• Data excerpts:
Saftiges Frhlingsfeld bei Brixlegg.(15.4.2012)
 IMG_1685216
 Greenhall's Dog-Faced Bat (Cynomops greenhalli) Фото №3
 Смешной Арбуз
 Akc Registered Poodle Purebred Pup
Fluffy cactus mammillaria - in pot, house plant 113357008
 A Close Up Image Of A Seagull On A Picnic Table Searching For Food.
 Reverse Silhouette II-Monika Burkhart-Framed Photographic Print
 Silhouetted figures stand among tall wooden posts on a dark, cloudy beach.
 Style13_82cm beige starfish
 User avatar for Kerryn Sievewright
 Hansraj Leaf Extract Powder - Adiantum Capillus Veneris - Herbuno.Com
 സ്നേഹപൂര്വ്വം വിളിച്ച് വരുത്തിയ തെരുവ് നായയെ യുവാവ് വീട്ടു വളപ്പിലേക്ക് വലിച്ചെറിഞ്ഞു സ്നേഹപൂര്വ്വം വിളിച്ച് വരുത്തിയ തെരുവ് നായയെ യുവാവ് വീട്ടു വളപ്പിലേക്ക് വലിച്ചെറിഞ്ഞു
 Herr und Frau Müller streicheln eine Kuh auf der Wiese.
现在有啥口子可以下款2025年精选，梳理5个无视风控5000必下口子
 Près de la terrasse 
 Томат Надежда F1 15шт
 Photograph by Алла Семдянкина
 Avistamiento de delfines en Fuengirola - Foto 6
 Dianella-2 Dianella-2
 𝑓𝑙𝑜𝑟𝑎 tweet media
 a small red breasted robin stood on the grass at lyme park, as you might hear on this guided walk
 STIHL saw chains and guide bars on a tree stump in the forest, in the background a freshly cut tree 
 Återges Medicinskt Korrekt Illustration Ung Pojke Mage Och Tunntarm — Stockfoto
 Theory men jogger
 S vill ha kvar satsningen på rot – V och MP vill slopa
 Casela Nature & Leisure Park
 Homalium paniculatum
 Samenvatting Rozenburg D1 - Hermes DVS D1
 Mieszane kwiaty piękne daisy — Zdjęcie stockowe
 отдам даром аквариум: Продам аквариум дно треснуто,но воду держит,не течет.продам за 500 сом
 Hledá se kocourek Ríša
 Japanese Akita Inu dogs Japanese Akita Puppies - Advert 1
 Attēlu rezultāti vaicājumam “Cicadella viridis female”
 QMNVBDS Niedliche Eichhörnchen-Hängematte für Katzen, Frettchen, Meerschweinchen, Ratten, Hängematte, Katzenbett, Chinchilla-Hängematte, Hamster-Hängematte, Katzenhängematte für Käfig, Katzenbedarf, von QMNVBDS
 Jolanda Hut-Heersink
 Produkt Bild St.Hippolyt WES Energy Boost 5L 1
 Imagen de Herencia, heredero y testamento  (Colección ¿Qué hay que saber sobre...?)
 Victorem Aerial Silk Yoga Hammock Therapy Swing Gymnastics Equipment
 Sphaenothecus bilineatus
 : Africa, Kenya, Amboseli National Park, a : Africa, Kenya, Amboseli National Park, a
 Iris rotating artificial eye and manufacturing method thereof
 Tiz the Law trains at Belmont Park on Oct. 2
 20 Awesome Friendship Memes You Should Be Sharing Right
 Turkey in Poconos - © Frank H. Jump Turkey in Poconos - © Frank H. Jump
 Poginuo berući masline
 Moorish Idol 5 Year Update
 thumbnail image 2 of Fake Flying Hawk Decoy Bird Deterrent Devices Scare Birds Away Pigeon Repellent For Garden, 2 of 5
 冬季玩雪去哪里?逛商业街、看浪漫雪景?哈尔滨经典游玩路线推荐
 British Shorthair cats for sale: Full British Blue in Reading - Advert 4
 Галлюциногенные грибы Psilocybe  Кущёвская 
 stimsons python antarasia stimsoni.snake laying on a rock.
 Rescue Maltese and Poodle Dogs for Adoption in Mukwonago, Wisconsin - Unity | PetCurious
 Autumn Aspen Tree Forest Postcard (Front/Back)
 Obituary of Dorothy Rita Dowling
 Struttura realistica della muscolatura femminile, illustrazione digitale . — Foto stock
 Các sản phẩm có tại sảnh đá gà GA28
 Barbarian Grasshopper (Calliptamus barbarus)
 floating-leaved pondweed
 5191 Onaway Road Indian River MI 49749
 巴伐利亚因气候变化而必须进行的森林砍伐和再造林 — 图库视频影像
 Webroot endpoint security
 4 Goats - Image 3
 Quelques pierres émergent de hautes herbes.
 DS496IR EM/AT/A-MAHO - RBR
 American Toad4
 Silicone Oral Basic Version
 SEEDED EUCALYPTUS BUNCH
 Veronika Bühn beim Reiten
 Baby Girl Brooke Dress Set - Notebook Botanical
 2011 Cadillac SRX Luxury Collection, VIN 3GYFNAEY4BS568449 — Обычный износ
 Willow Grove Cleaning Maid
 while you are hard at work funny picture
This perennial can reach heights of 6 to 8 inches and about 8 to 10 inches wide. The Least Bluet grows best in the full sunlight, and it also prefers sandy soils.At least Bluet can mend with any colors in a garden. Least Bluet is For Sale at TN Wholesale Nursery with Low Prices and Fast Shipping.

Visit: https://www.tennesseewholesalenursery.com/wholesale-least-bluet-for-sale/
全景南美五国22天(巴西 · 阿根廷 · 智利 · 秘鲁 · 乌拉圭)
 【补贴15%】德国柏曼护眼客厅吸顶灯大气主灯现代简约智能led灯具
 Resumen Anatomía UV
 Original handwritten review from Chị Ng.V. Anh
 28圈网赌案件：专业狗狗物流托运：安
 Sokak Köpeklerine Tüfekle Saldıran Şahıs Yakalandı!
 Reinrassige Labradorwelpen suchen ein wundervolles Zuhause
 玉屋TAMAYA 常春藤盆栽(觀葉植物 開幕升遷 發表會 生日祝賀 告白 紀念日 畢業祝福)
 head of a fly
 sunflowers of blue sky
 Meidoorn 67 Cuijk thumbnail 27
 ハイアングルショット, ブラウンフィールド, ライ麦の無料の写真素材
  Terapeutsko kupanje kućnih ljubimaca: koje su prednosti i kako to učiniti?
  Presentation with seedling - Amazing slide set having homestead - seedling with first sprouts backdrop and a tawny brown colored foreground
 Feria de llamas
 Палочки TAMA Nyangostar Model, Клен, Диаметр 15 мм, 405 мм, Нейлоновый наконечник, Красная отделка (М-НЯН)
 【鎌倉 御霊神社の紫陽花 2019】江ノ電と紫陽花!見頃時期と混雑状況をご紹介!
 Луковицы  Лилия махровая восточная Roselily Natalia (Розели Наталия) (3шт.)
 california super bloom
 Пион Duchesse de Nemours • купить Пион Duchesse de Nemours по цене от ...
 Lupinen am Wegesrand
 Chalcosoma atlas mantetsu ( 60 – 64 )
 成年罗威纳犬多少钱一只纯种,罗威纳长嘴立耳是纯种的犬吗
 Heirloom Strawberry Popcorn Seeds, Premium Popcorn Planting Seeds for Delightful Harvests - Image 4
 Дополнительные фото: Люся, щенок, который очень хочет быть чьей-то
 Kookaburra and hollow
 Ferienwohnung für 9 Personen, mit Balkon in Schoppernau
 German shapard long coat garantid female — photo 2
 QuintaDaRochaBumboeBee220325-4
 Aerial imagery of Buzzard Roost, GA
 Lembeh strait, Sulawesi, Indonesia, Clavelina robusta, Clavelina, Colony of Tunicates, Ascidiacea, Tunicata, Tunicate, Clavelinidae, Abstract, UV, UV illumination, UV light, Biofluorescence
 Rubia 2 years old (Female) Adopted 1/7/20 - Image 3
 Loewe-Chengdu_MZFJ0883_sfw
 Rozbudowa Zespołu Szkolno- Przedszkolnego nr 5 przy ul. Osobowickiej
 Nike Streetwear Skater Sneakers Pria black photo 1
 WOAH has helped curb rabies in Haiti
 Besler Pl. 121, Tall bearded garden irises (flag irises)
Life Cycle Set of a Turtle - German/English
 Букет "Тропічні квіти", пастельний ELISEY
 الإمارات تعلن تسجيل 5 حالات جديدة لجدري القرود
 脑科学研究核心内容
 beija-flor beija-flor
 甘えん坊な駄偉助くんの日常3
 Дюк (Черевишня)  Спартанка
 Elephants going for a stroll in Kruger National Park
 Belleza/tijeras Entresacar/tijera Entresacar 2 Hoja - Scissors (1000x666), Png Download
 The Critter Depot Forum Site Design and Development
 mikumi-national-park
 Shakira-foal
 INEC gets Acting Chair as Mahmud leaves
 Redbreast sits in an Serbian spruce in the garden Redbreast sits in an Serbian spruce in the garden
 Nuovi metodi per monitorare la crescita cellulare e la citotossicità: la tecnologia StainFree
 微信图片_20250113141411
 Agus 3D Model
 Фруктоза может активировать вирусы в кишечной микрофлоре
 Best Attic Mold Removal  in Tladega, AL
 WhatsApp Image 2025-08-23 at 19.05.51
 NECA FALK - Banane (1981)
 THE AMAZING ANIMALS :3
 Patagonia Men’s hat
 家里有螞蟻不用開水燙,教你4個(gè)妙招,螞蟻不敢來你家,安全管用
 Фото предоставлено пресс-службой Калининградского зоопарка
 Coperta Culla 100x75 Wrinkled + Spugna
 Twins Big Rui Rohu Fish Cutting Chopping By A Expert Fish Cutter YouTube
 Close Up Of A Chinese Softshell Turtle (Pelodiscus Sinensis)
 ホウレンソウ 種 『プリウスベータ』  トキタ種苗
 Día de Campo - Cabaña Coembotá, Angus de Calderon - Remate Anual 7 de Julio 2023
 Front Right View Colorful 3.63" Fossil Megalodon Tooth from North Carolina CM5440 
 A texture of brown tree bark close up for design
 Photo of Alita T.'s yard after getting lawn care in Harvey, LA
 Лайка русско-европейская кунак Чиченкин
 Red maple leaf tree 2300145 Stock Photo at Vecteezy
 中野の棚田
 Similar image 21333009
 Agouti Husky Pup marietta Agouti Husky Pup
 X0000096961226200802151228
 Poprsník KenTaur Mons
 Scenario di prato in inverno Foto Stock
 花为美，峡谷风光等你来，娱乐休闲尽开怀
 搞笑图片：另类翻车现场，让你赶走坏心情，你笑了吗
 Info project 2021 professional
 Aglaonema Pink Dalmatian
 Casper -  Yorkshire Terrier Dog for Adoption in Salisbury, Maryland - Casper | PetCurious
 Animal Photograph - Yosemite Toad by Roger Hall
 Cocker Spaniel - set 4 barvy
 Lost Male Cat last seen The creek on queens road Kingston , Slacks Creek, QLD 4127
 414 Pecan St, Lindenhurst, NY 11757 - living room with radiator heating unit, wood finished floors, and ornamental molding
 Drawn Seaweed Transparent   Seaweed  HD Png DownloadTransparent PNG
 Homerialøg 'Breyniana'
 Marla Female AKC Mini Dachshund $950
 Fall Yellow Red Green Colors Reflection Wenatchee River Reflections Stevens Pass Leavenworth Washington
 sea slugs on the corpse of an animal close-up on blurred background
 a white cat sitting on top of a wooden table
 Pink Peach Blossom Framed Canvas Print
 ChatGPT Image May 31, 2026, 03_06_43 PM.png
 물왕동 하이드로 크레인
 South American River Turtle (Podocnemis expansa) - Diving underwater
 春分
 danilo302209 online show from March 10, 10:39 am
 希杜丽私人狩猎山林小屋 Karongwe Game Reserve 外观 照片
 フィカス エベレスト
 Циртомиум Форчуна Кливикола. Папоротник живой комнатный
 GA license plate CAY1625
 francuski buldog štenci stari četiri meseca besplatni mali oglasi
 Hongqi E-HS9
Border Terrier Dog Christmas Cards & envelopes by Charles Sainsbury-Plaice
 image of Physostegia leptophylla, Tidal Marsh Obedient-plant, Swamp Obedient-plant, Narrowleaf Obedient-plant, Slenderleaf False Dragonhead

• What the exercise asks: Above are the entries. Quote exactly the lines from the one bearing "Akc Registered Poodle Purebred Pup" through the one bearing "User avatar for Kerryn Sievewright".

• Solution to this exercise:
 Akc Registered Poodle Purebred Pup
Fluffy cactus mammillaria - in pot, house plant 113357008
 A Close Up Image Of A Seagull On A Picnic Table Searching For Food.
 Reverse Silhouette II-Monika Burkhart-Framed Photographic Print
 Silhouetted figures stand among tall wooden posts on a dark, cloudy beach.
 Style13_82cm beige starfish
 User avatar for Kerryn Sievewright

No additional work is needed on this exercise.